INPUT RECORDS:
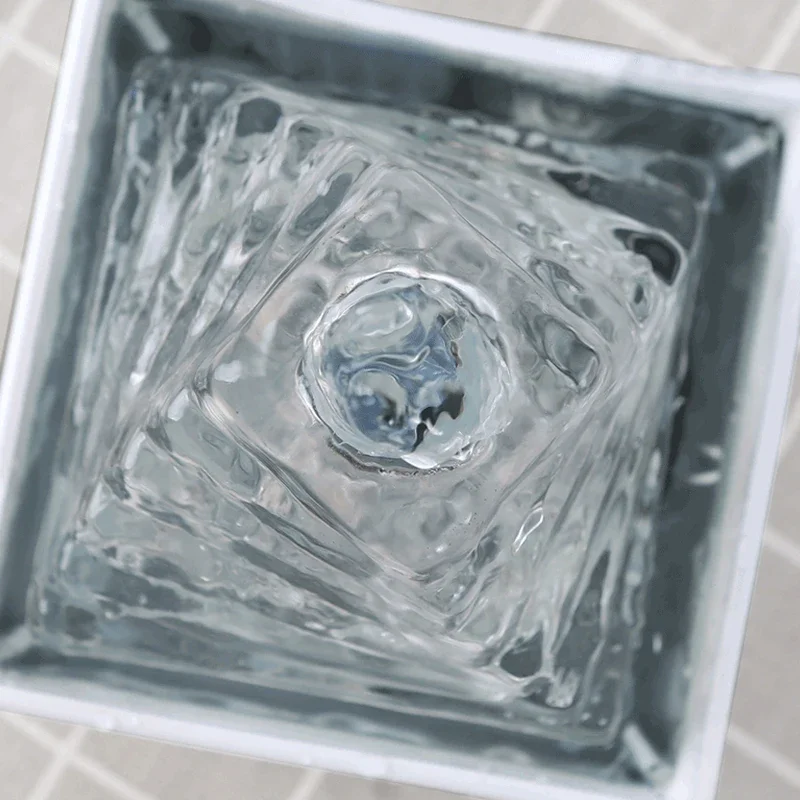 Фонтан с струящейся водой современный маленький домашний креативный офисный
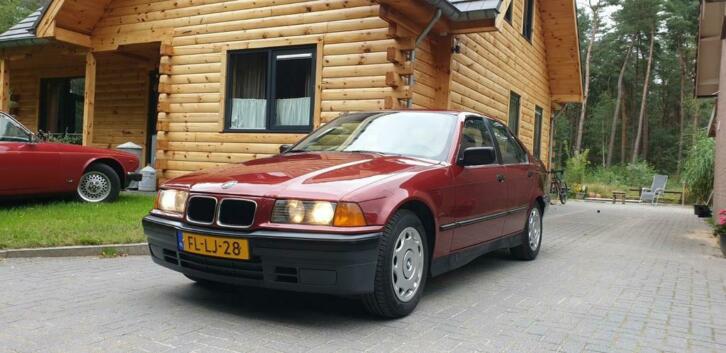 BMW 3-Serie (e90) 1.8 I 318 U9 nieuwstaat 2e eigenaar nap.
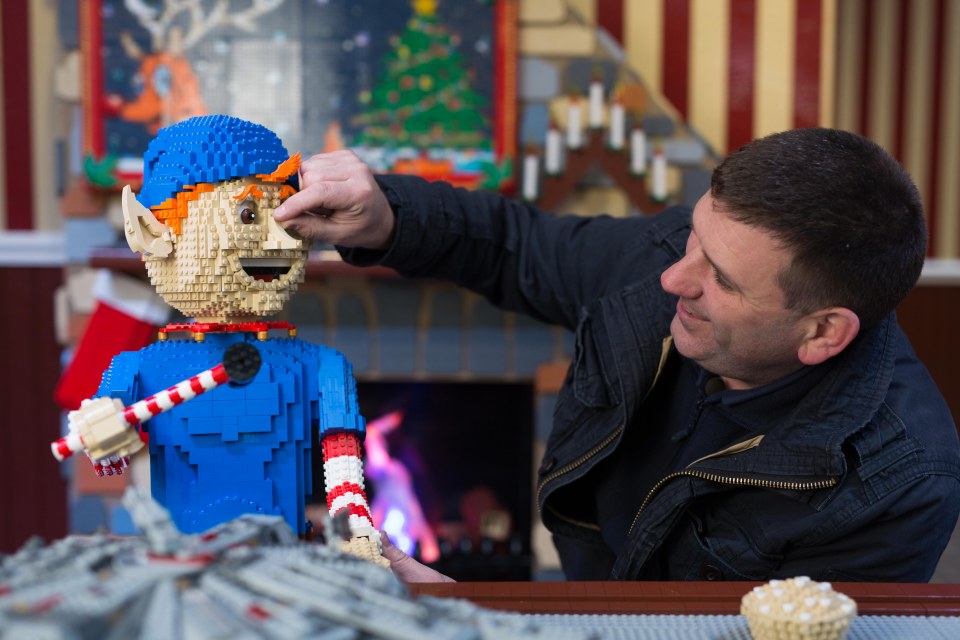 Conoce a Duncan Titmarsh, es un constructor certificado de Lego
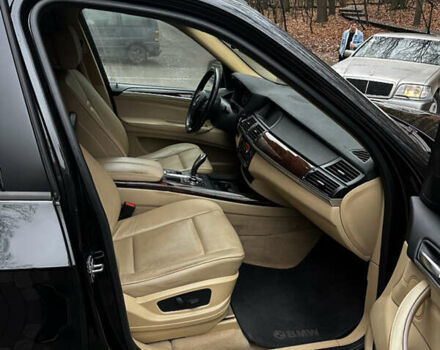 Черный БМВ Х5, объемом двигателя 2.98 л и пробегом 241 тыс. км за 12400 $, фото 13 на Automoto.ua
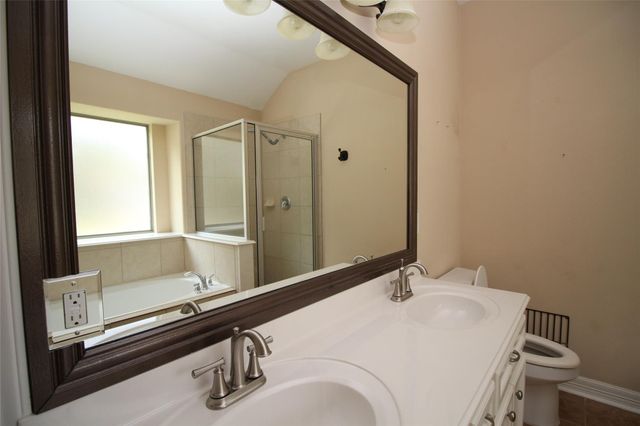 1504 Glen Oaks Drive, Conroe, TX 77385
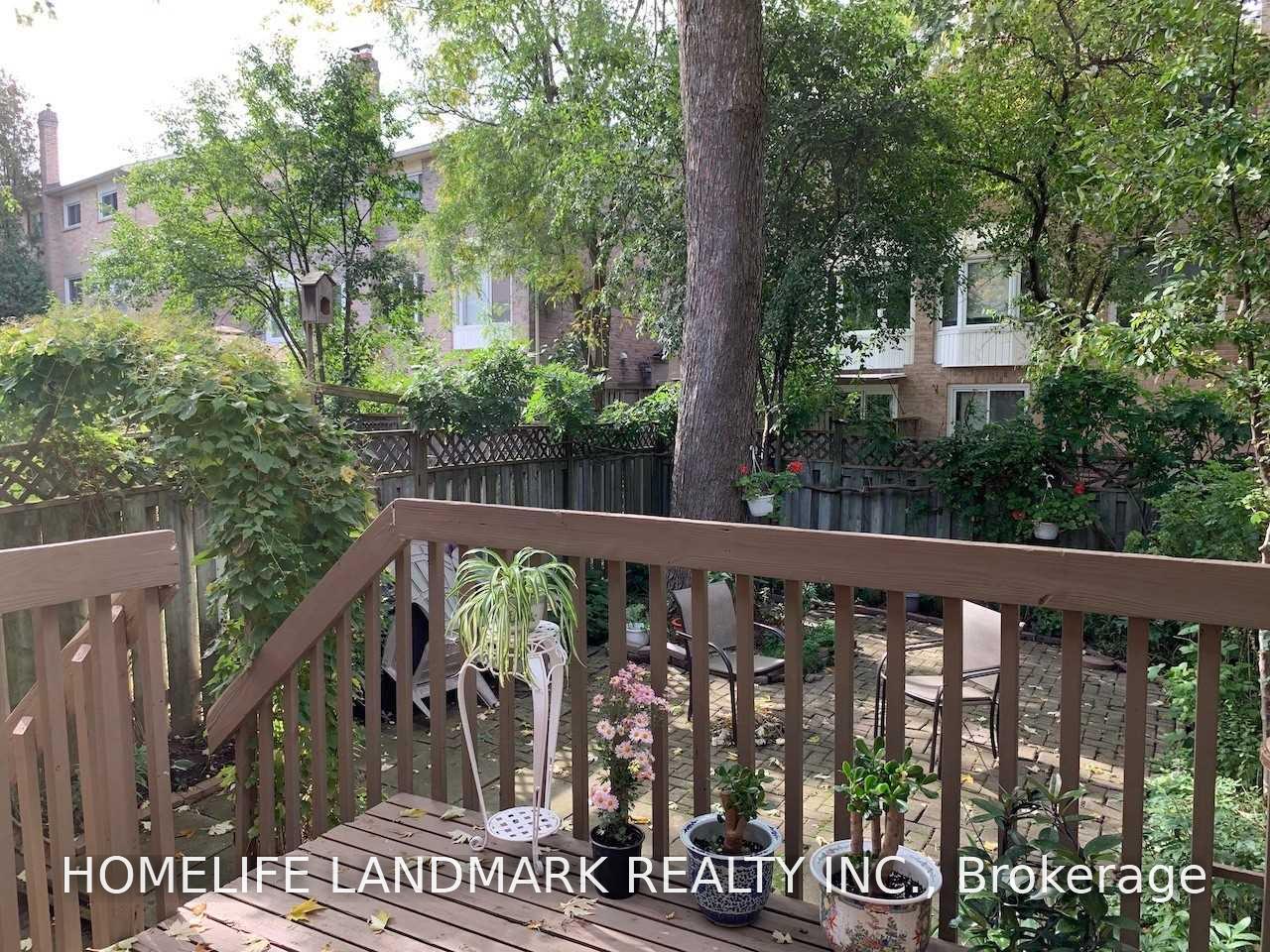 Photo 16 of 26 Joanna Crescent, Vaughan, Crestwood-Springfarm-Yorkhill — HOMEH
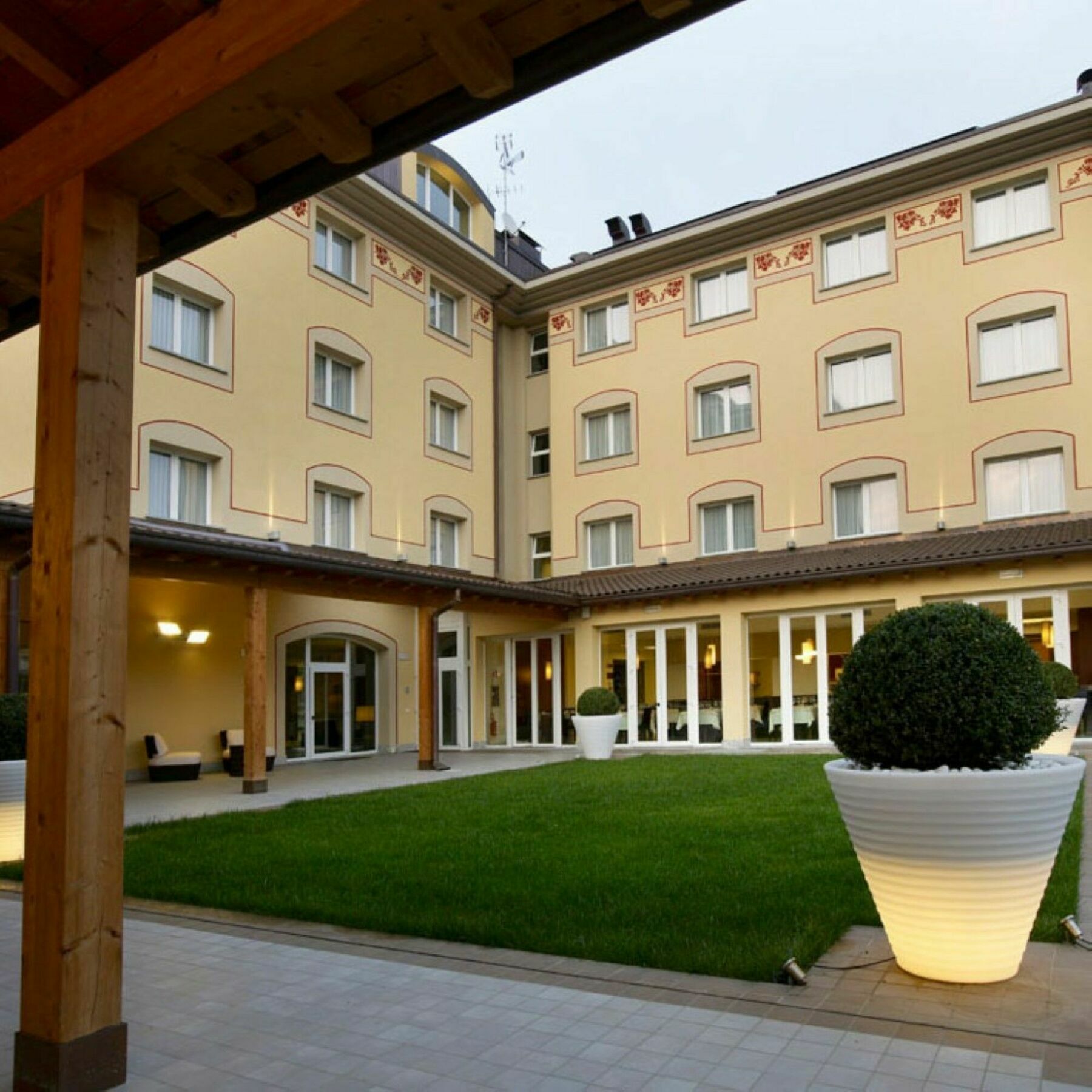 Virginia Palace Hotel 4*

PROMPT: Could you output every record above exactly as it appears, without the pictures?

SOLUTION TO THIS EXERCISE:
 Фонтан с струящейся водой современный маленький домашний креативный офисный
 BMW 3-Serie (e90) 1.8 I 318 U9 nieuwstaat 2e eigenaar nap.
 Conoce a Duncan Titmarsh, es un constructor certificado de Lego
 Черный БМВ Х5, объемом двигателя 2.98 л и пробегом 241 тыс. км за 12400 $, фото 13 на Automoto.ua
 1504 Glen Oaks Drive, Conroe, TX 77385
 Photo 16 of 26 Joanna Crescent, Vaughan, Crestwood-Springfarm-Yorkhill — HOMEH
 Virginia Palace Hotel 4*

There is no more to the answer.